EXERCISE DATA:

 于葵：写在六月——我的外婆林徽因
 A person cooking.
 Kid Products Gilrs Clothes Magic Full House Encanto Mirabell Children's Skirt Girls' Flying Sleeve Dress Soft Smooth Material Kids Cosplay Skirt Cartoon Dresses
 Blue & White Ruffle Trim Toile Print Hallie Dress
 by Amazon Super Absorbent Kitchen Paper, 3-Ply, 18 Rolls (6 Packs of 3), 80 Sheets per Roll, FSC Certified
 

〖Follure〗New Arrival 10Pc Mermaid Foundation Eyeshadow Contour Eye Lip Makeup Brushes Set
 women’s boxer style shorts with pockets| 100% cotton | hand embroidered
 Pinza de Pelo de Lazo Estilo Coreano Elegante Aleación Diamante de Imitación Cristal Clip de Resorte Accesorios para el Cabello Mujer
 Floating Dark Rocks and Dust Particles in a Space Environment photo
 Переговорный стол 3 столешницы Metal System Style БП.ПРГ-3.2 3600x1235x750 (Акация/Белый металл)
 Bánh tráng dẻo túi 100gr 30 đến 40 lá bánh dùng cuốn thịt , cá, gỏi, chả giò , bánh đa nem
* * *
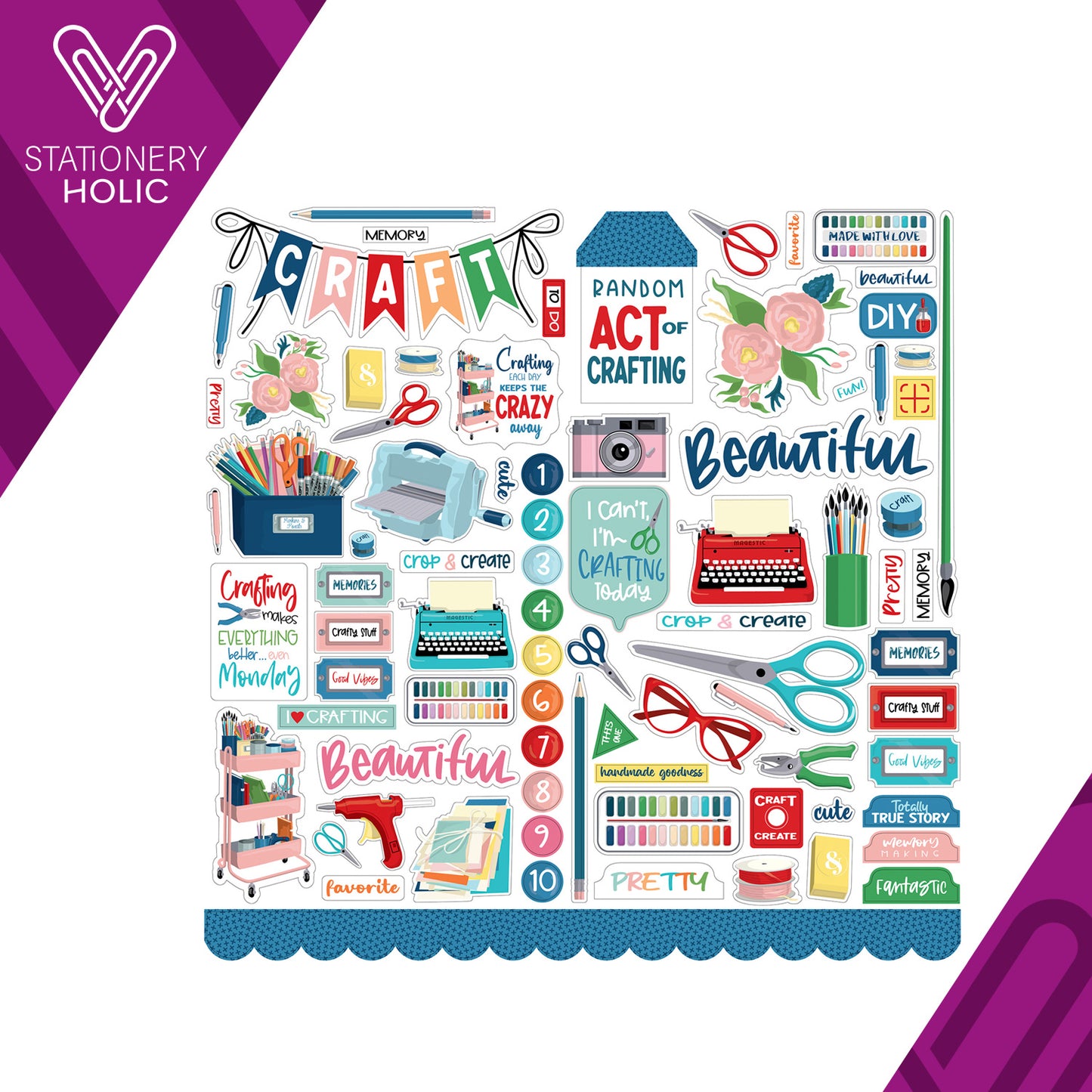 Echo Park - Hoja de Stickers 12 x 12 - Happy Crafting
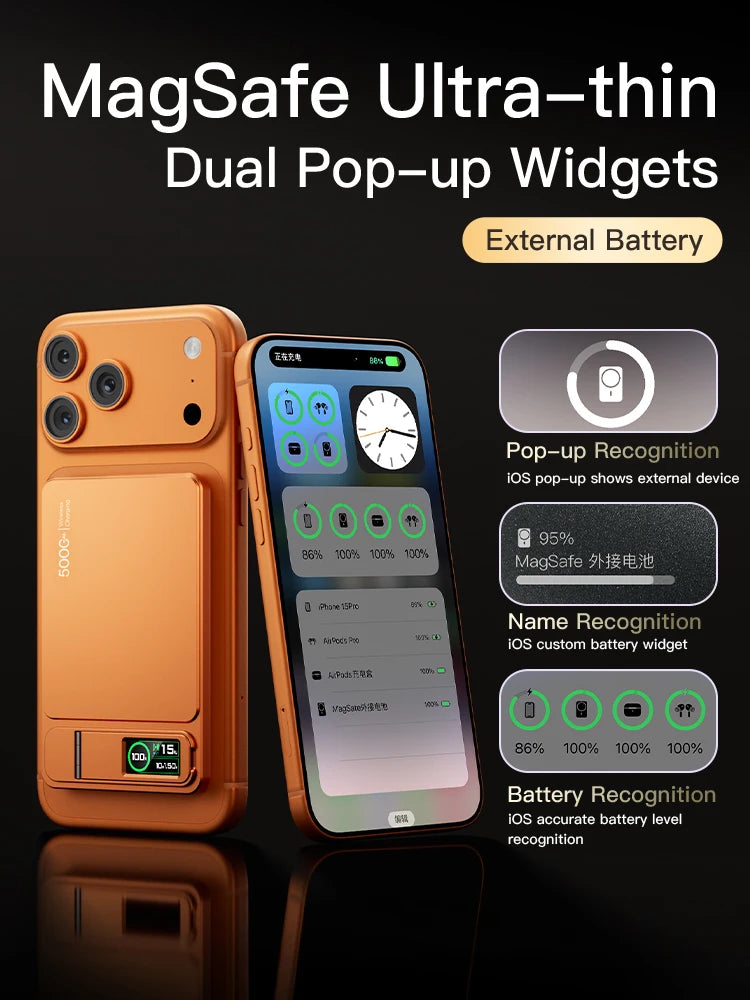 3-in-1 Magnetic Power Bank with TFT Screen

EXERCISE PROMPT:
On how many lines of the records above does the word "Dress" appear? Answer with only that number.

EXERCISE RESPONSE:
2